被告人質問で、紺野元顧問は「保釈された後、秋元議員の周りの関係者が偽証をしてほしいとずっと接触をしてきたが断った。最初はうそか冗談か分からなかったが、現金2000万円を持ってきたので、ただごとではないと思い、検察に伝えて積極的に捜査に協力した。前代未聞のことで、知らぬ顔をする勇気はなかった」などと述べました。

また、仲里元顧問も偽証の働きかけがあったかどうかについて問われ、「500万円くらいを持って来られたが、いただくことはできませんと断りました」と述べました。

秋元議員は、汚職事件で起訴された内容を否定し、証人買収事件への関与も全面的に否定しています。

贈賄側の被告人質問詳細

偽証の働きかけは

26日の被告人質問で、紺野元顧問は証人買収事件についての弁護士の質問に対し「ことし2月に保釈された後、秋元議員の周りの関係者が偽証をしてほしいとずっと接触をしてきたが断った。
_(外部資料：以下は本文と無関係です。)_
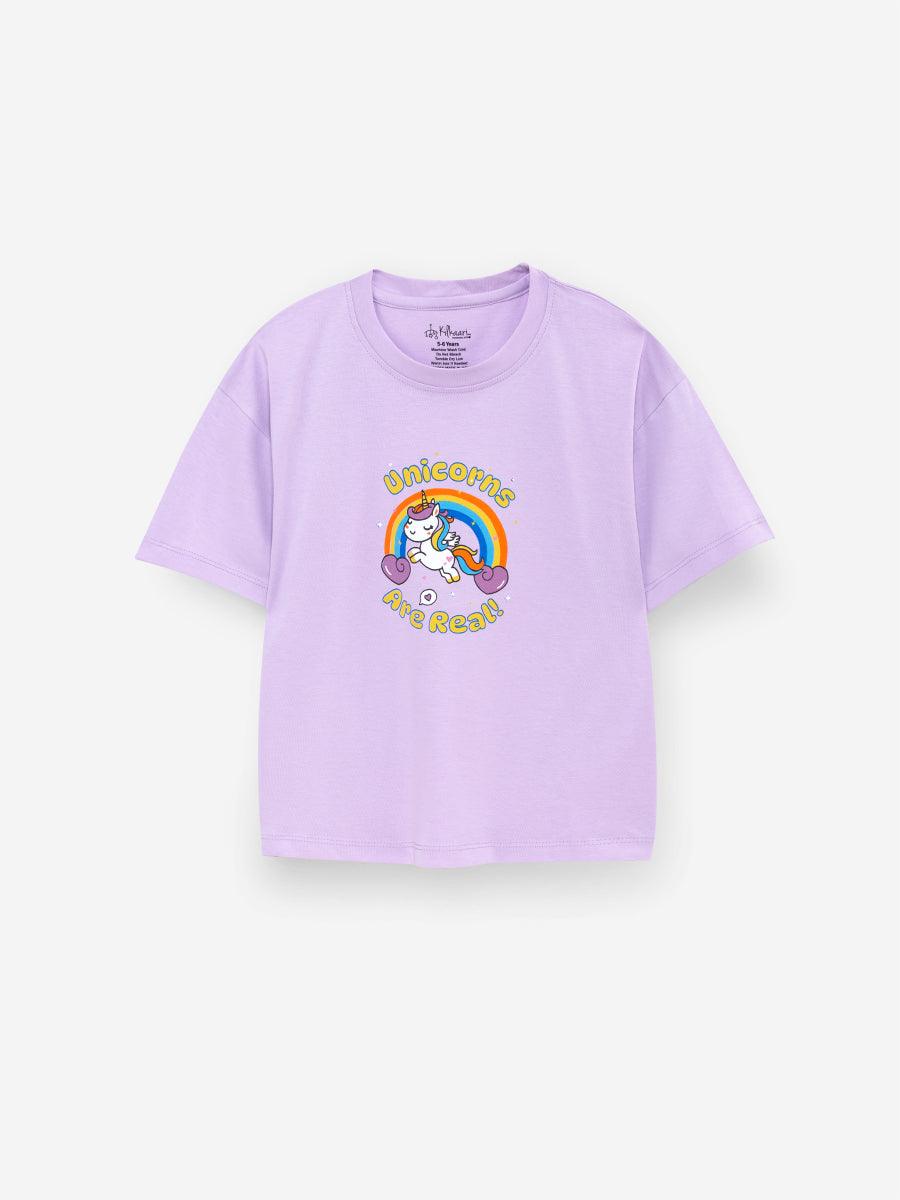 Premium: Unicorn Pop Bootcut Set (Purple)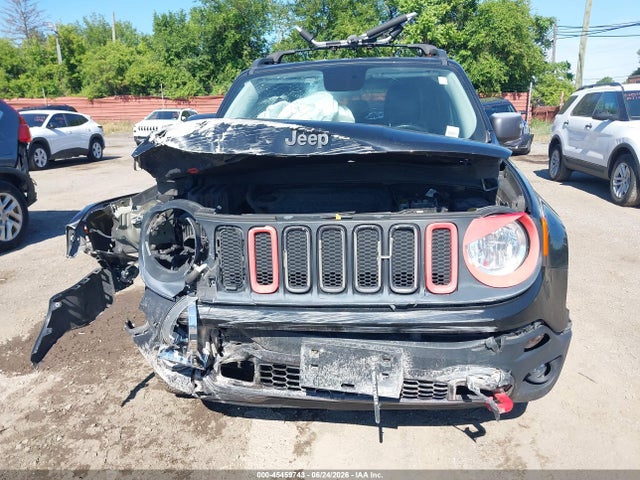 Aukcja sprzedaży 2016 Jeep Renegade Trailhawk, vin: ZACCJBCT7GPD23073, numer aukcji: 45459743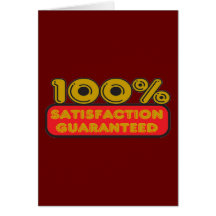 100% Satisfaction Guaranteed Cards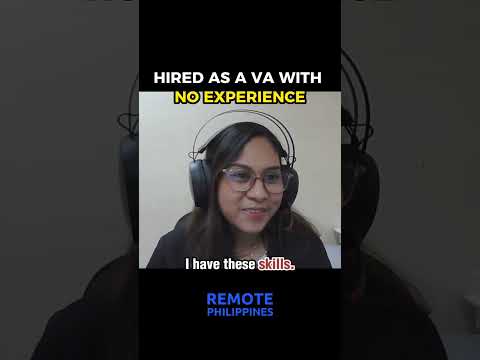 HIRED AS A VA WITH NO EXPERIENCE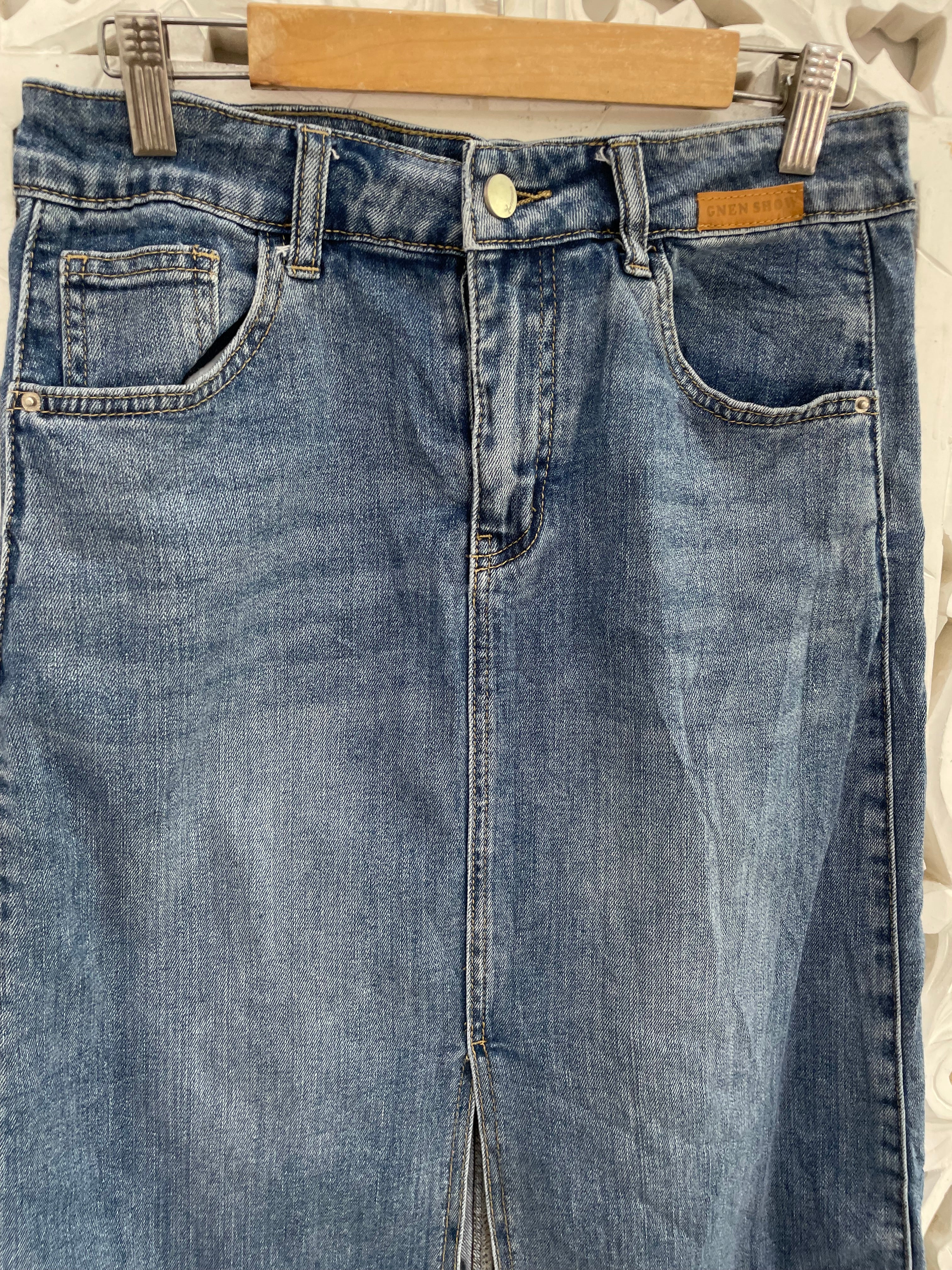 Denim Skirt-Waist 28 - Image 2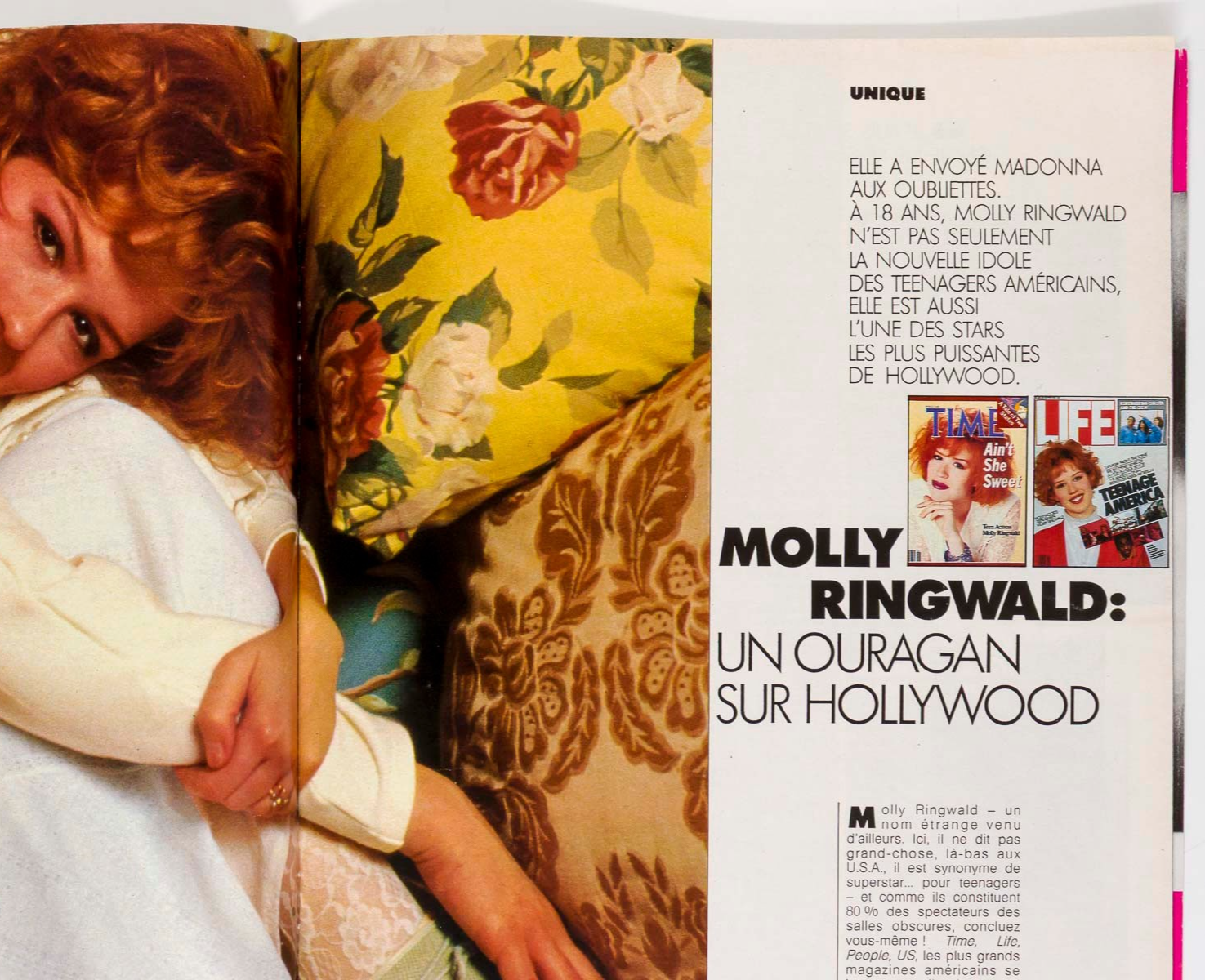 SADE ADU Molly Ringwald KATHARINE HEPBURN Elle magazine July 28 1986 Hans Feurer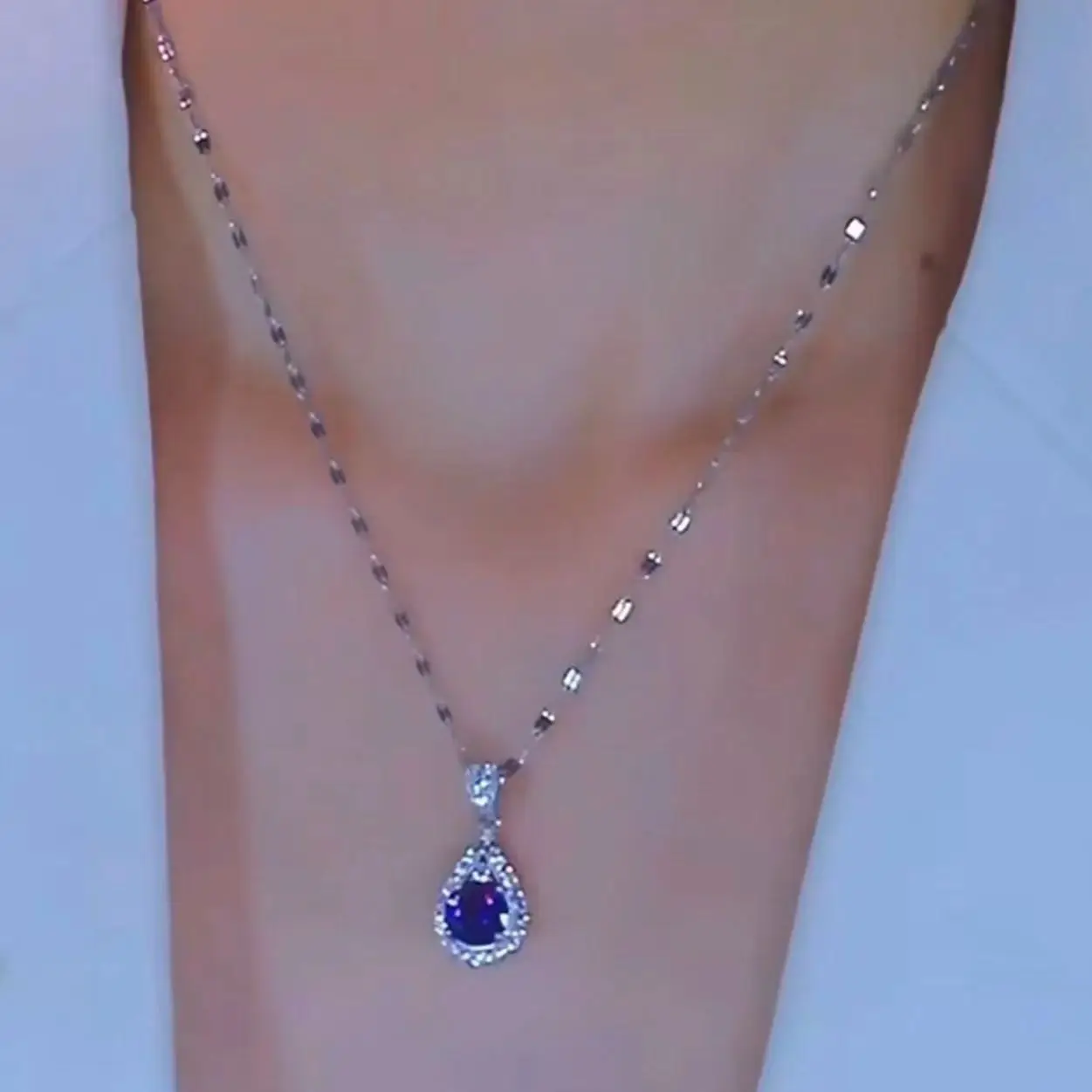 Purple Water Drop Necklace for Women — feature 6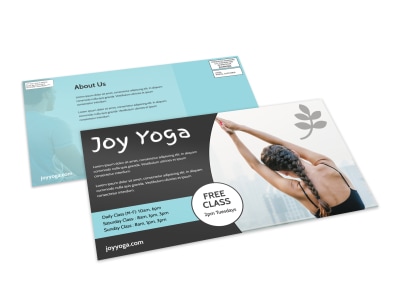 Joy Yoga EDDM Postcard Template preview
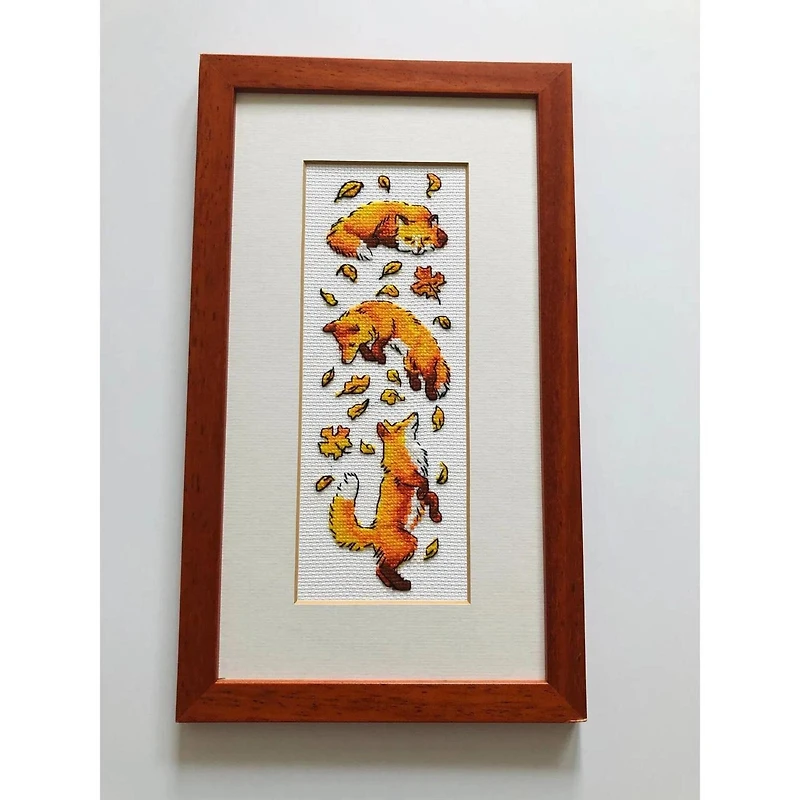 RIOLIS Counted Cross Stitch Kit Foxes in Leaves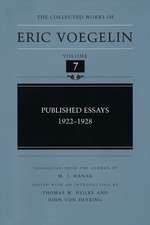 Published Essays, 1922-1928 (CW7)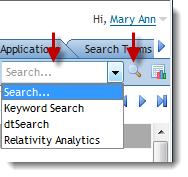 You can also click the Search Conditions icon ( ) to display the boxes for defining conditions. For more information about search indexes and conditions, see the Searching guide. 3.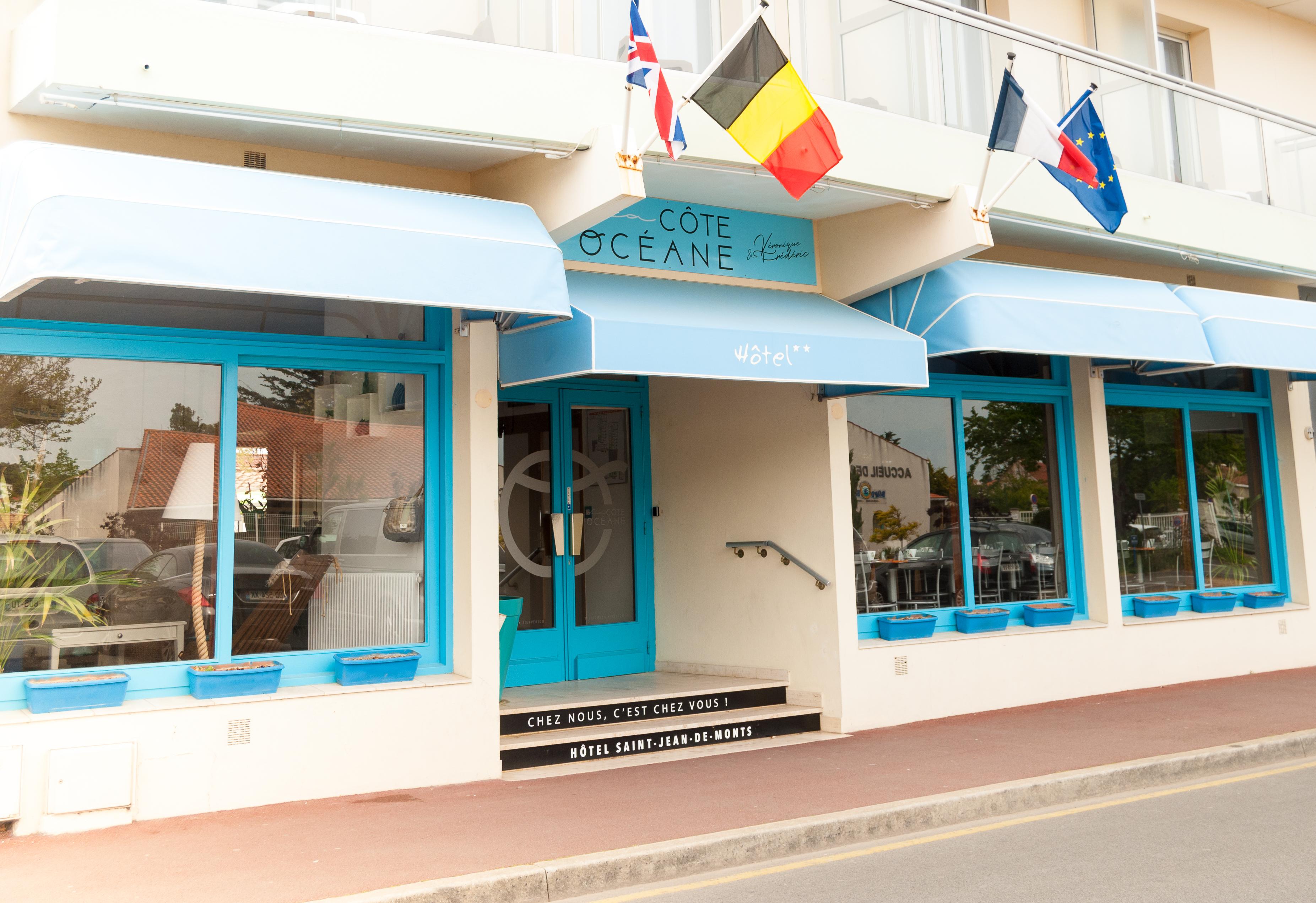 Hotel La Cote Oceane- 250 M Plage Saint-Jean-de-Monts Exterior photo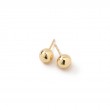 IPPOLITA Classico Small Hammered Ball Stud Earrings in 18K Gold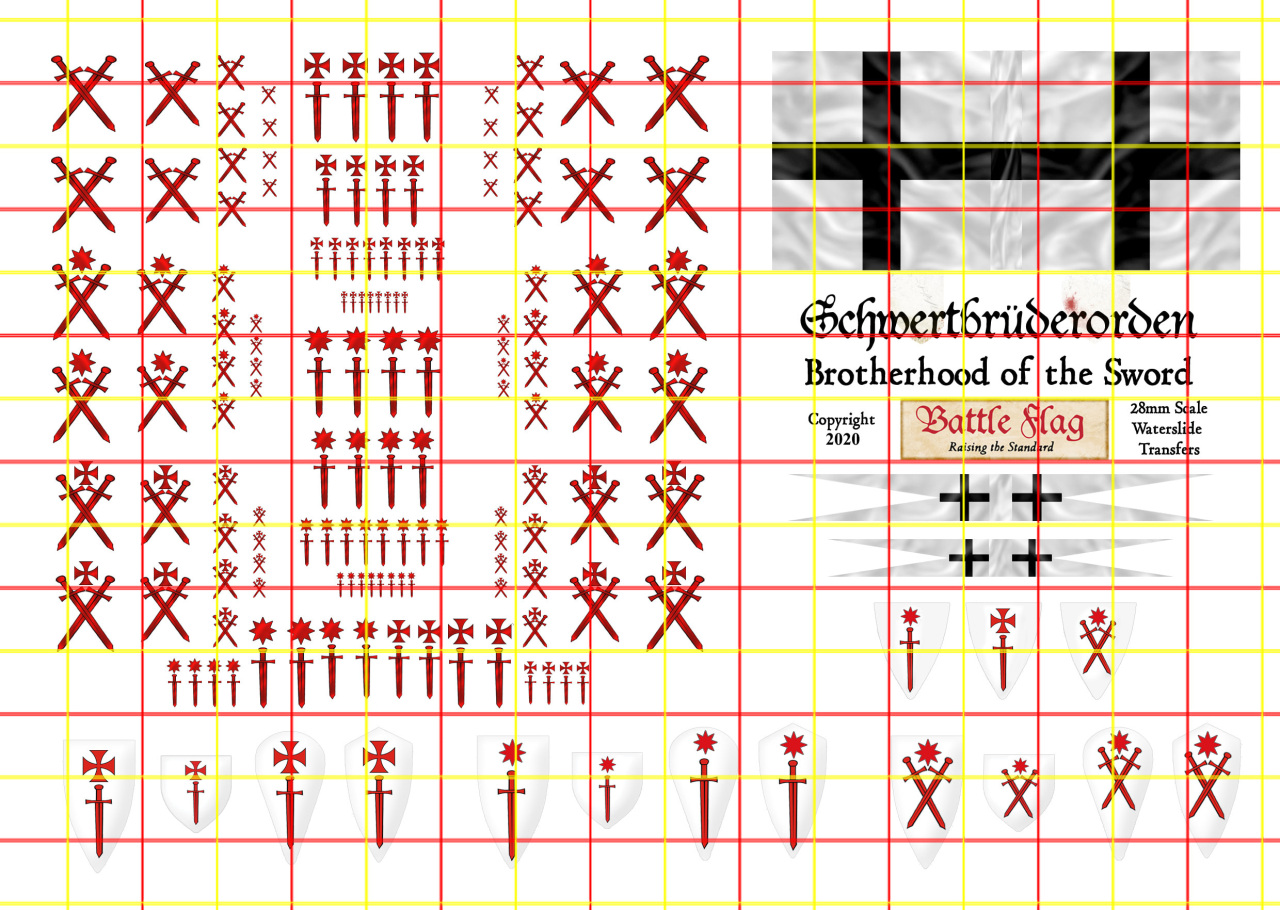 Crusader Sergeants Official Fireforge Decals by Battle Flag 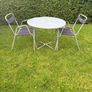 Vintage garden patio table and chairs c1950 Image 2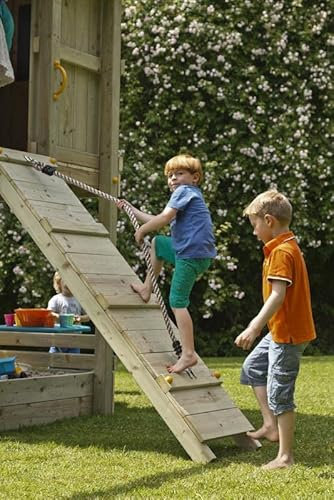 Gartenwelt Riegelsberger Rampa con corda da arrampicata per torri da gioco e palafitte per altezza piedistallo 150 cm larice naturale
最初はうそか冗談か分からなかったが、現金2000万円を持ってこられてただごとではないと思い、検察にすべてお話しさせていただいた。積極的に捜査に協力した」と証言しました。

そのうえで「事件について反省の念や償いの気持ちもあった。大金を持ってこられるのは前代未聞のことで、知らぬ顔をする勇気はなかった」と述べました。

また検察側からの質問に対しては「2000万円を持ってこられ断ったら、成功報酬で1000万円を追加で出すと言われた。疑われるのも嫌なので現金の提供には応じなかった」と述べました。

紺野元顧問は終始はっきりした声で堂々とした様子で質問に答えていました。

また、仲里元顧問は検察側から偽証の働きかけがあったかどうか問われると「500万円くらいを持ってこられたがいただくことはできませんと断りました」と落ち着いた様子で答えていました。

現金300万円の賄賂は

IRをめぐる汚職事件では紺野元顧問と仲里元顧問が、衆議院が解散された平成29年9月28日に議員会館を訪れ、秋元議員に現金300万円の賄賂を渡したとされていますが、秋元議員は保釈後の記者会見などで面会自体を強く否定していて、双方の主張は食い違っています。

26日の被告人質問で仲里元顧問は「議員会館の応接室で私が秋元議員に現金を渡した。現場には私と秋元議員のほか紺野元顧問と議員の秘書の4人がいて、現金300万円は和菓子店の手提げ袋に入れて『500ドットコムからの陣中見舞いなので、どうぞお使いください』」と述べて手渡した。

秋元議員は「『どうもありがとう』と言っていた」と証言しました。

衆議院解散日に議員会館を訪れた理由について仲里元顧問は「500ドットコムのIRの日本進出を後押ししてもらいたかった」と述べていました。

関係者によりますと、証人買収事件で紺野元顧問に接触した会社役員は「議員会館では秋元議員と会っていないと証言してほしい」などと、働きかけた疑いがあるということです。